[kde-community] Request to join the Kde incubator for GCompris

Aaron J. Seigo aseigo at kde.org
Fri Feb 14 08:17:05 GMT 2014


On Friday, February 14, 2014 04:24:12 Shlomi Fish wrote:
> 1. GPLv3 was not commonly acceptable as a suitable licence. Many companies
> who had no significant with GPLv2 won't get near any GPLv3-licensed code.
> Some people told me you can licence your code as GPLv3 (or worse - AGPLv3),
> so your code will still be considered "free-as-in-speech software" by the
> FSF, but still will require companies to pay you for a commercial exemption
> licence because they refuse to get near the GPLv3 and friends. I.e: the
> GPLv3 is a free-as-in-speech software fig leaf.
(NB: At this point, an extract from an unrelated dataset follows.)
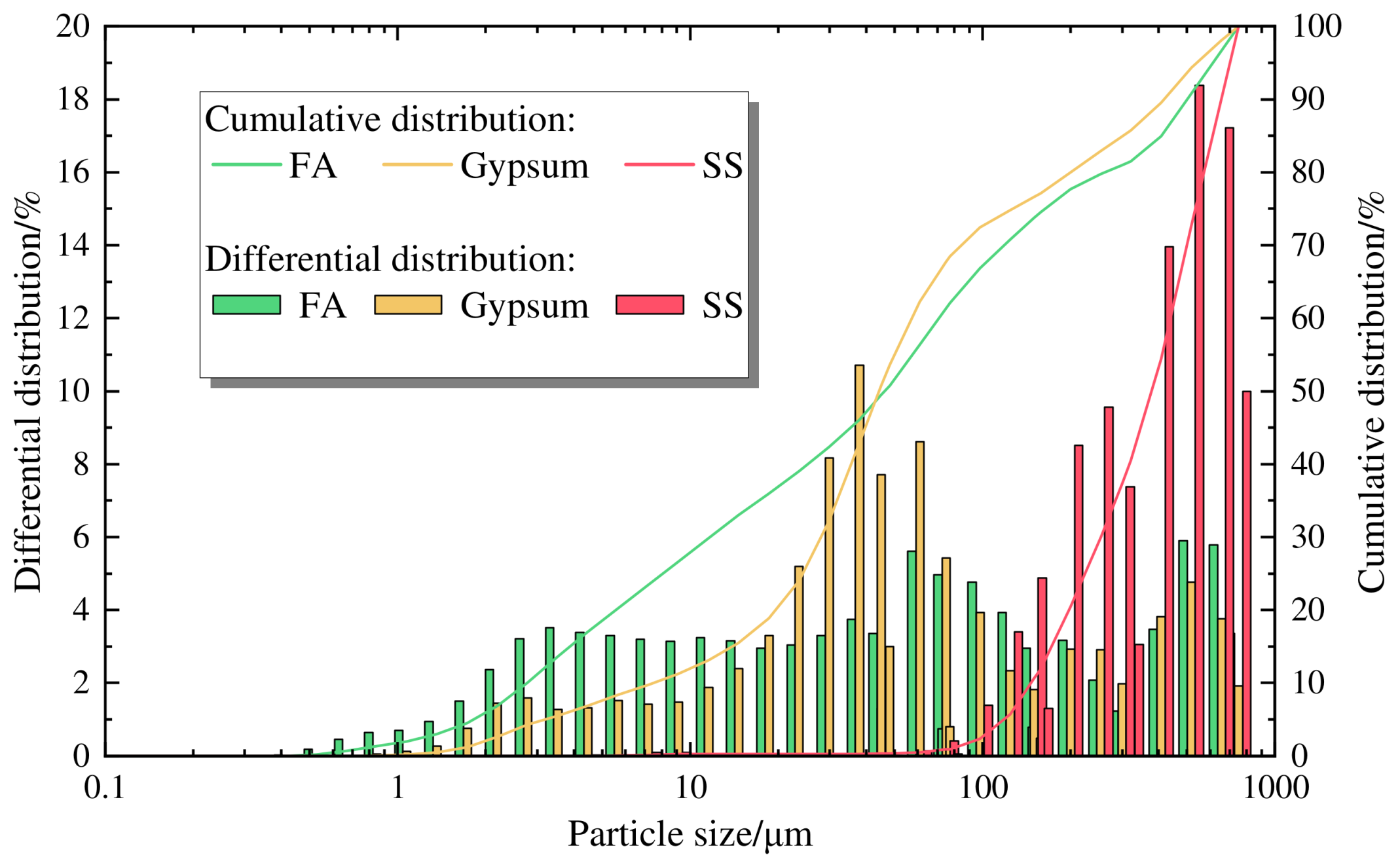 Minerals 12 00006 g001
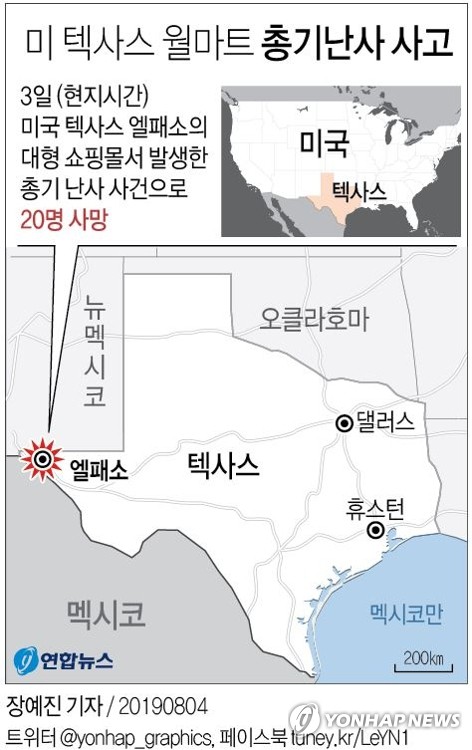 텍사스 이미지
This is also true with GPLv2. After all, this is how Qt has been funded for 
the last 20 years. It’s inconsistent to say “well, if you do this with GPLv2 
we’re just fine with that” (Qt) and then say “but not if it is GPLv3!"

The new twist with GPLv3 is that _more_ companies do not like it (particularly 
in the device and media industries) so the prospective market grew for 
relicensing. I also don’t think this is at all relevant to KDE application 
code, which has not to date seen this practice.
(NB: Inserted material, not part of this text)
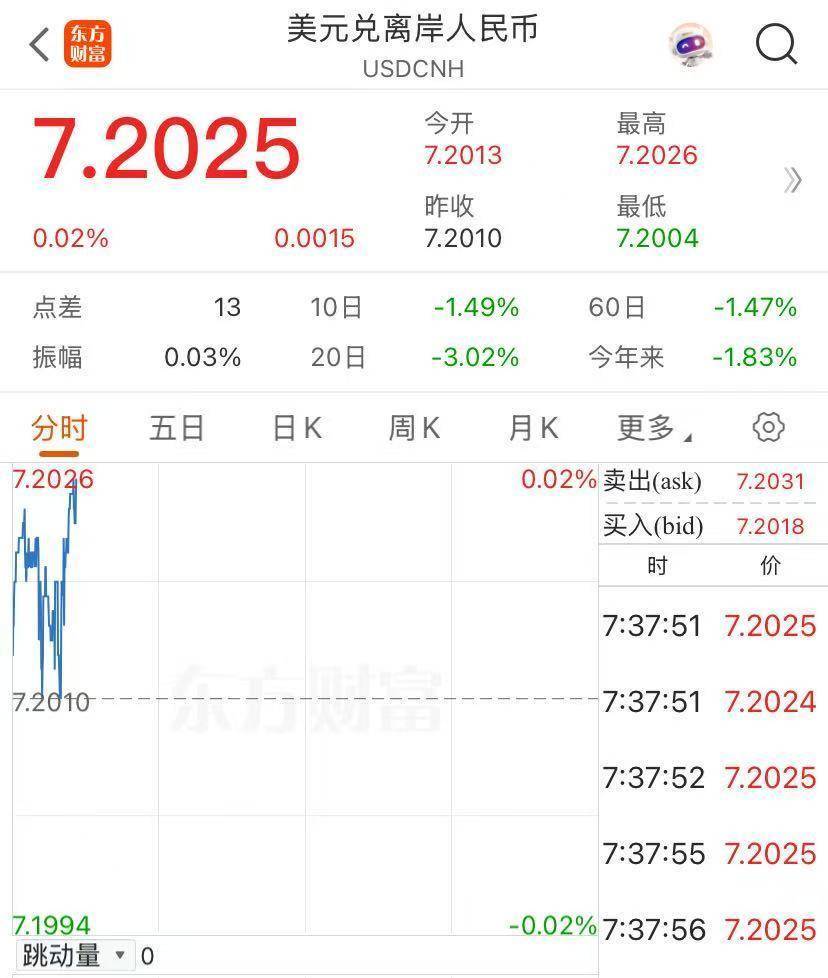 创纪录！香港再出手<strong></p>
<p>东莞</strong>，卖出605亿港元！发生了什么？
> 2. As evident to whoever frequents http://freecode.com/ (formerly known as
> Freshmeat.net ), the introduction of the GPLv3 has fragmented the GPL and
> LGPL using projects into GPLv2-only, LGPLv2-only, GPLv2+, GPLv3+, LGPLv3+
> and AGPLv3+ (assuming I didn't forget anything). Often these fragments are

and LGPLv2+ .. in any case, yes, there are backwards compat issues. I think 
that’s a decision application developers need to make, however, not one for us 
to dictate. We can outline the benefits and challenges of each position in our 
policies.

Looking at the real world impact within KDE, most application code sits 
forever in that one application (meaning it’s a non-issue in the common case) 
and when code sharing does happen that is often in the form of a library and 
then the common case there is to move to LGPL.

As for LGPLv3 libraries, the only code this creates problems for is GPLv2-
only. Hopefully we have less and less of that in git.kde.org with the common 
case becoming GPLv2+. I haven’t looked into that, however ...

> The VideoLAN / VLC project took the opposite approach and after being
> unhappy with the GPLv3, decided to convert all their GPLv2 code into
> LGPLv2.

I can name two likely reasons: DRM and tivoization clauses.

Indeed, there is no one-size-fits-all license.

> 3. As a developer, I always preferred to use permissive licences (first the

So imagine that KDE dropped BSD/MIT style licenses from the policy list; 
saying “no” to GPLv3 does something similar to those who wish to adopt it.

> But like I said, I don't really have a say for it. I'm OK with making an
> exception for GCompris, though.

I agree with Albert that exceptions become hard to defend in future or prevent 
from becoming ‘accidental policy’ over time.